La sortie de l'Union européenne entraînerait une perte d'influence considérable. Obama, qui doit venir en visite à Londres peu avant le référendum, devrait dire clairement que la relation spéciale qui lie les deux pays présentera moins d'intérêt si le Royaume-Uni quitte l'Union et y perd donc son influence. Le président chinois a également indiqué que Londres était la porte d'entrée en Europe. Un pays de la taille d'une province chinoise risque de ne pas être traité avec beaucoup d'égards. Les Britanniques sont conscients de cette menace d'affaiblissement de leur influence.
De l'autre côté, paradoxalement, l'Europe a besoin du Royaume-Uni pour être forte. C'est le seul pays à consacrer 2 % de son budget à la défense et à participer aux opérations civiles et militaires de l'Union européenne, malgré son parti pris hostile, y compris en Afrique – au Mali par exemple – et sans compter l'intervention à nos côtés en Syrie.
C'est une économie majeure, avec ses 64 millions d'habitants, qui quitterait l'Union européenne. Dans les négociations avec les États continents qui sont les puissances de demain, l'Union perdrait beaucoup avec le départ du Royaume-Uni. Notre intérêt est de les aider.

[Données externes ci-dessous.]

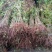 红油香椿树苗香椿苗树南方北方种植食用红芽香椿芽盆栽地栽苗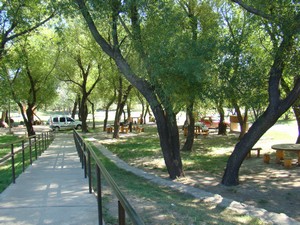 Camping Municipal de Las Lajas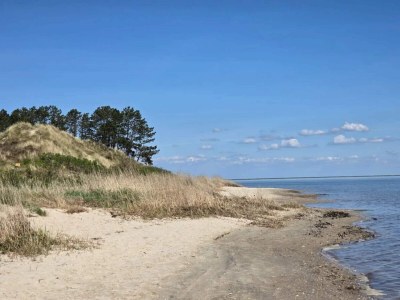 Holiday house Seaside holiday home with Ocean View - Outdoor photo 28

Le prochain sommet franco-britannique aura lieu début mars, probablement à Amiens. Les relations entre nos deux pays sont actuellement très chaleureuses. David Cameron a rencontré à trois reprises le Président de la République ces derniers temps. Il a manifesté un soutien exceptionnel lors des attentats du 13 novembre ; la ministre de l'intérieur était présente à la minute de silence à l'ambassade de France ; la marseillaise a été chantée à Wembley, vous avez tous vu les images. La France est pour les autorités britanniques un pays allié et ami qui a un rôle à jouer. Angela Merkel n'est pas la seule à pouvoir aider David Cameron à obtenir le paquet européen qu'il pourrait défendre.